Dealing with feedback from your supervisors - the emotional side

Gepubliceerd op 26 januari 2024 om 12:00

In this previous blog, we wrote about how to deal with feedback from your supervisors in terms of content as a PhD student. Practical tips are always helpful, but especially when you have just started as a PhD student, receiving feedback can also evoke some feelings. In this blog, we discuss the emotional side of dealing with feedback from your supervisors and other co-authors.

Don’t get discouraged

When you receive feedback from multiple supervisors, especially in the same document, it can be an overwhelming sight. When you work in Word and use the trackchanges function, you often see a multicolored text on your screen because of all the text adjustments made by the various co-authors. Sometimes it looks like there is nothing left of your original text. And on top of that there are a whole bunch of comments in the margins. You could easily become discouraged, but do not let that be the case! If you start by calmly reading through the feedback, you will see that there are often many small, easily adjustable suggestions among them. The comments will usually also contain what your supervisors already liked about your paper! If you subsequently start with accepting the text changes, it often looks a lot clearer already.

Don’t resist, be an optimist

Sometimes the substantive feedback you receive can be tough, because your paper really needs some improvement.
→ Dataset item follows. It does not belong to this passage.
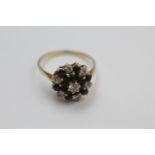 18ct Gold gemstone cluster ring 3.1 grams gross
It is alright to be upset about that, but try not to get into a mode of resistance. That is a waste of your own time and energy, and it is also unpleasant for your supervisors and co-authors, who have put effort into your paper. Instead, try to remain optimistic and in a 'learning mode', in order to be able to work constructively with all the suggestions for improvement. The great thing is that with all those tips from your supervisors, co-authors and of course your own diligent work, you will end up with a great paper. As a doctoral student and the first author, you get to shine with that!

Don't take it personally

Getting feedback is never meant as a personal attack. Receiving feedback is not a reflection of how good or bad you are. Feedback is only meant to make the research (article) that all of you are working so hard on as good as possible. No one expects you to already know everything and be able to do everything when you are writing your first papers as a PhD student. Getting feedback is just one of the ways you gain knowledge. Besides: feedback comes with the job of researcher.

Lifelong learning

Perhaps you are eagerly awaiting the moment when, as a postdoctoral researcher, you can write your articles independently, and no longer have to deal with feedback. If that is the case, we are sorry to disappoint you. As a postdoc, senior researcher and even as a professor, you will still receive feedback on the papers you write. After all, you hardly ever write a paper alone, and everyone brings their own knowledge, expertise, skills and insights to the table. That is why you always work on research together. By giving each other feedback, you learn from each other and ultimately arrive at the best result. No one is too old or too wise to learn from someone else. It wouldn't be good for science either if everyone was done learning after their PhD, right?